Your objective » Each entry that follows should be retyped exactly.
╭─ The input
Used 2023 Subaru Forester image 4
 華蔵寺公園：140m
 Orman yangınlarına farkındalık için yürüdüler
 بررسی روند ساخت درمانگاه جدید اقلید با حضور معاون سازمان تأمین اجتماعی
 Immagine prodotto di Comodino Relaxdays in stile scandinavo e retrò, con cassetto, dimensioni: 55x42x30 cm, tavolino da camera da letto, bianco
╰─
Answer area »
Used 2023 Subaru Forester image 4
 華蔵寺公園：140m
 Orman yangınlarına farkındalık için yürüdüler
 بررسی روند ساخت درمانگاه جدید اقلید با حضور معاون سازمان تأمین اجتماعی
 Immagine prodotto di Comodino Relaxdays in stile scandinavo e retrò, con cassetto, dimensioni: 55x42x30 cm, tavolino da camera da letto, bianco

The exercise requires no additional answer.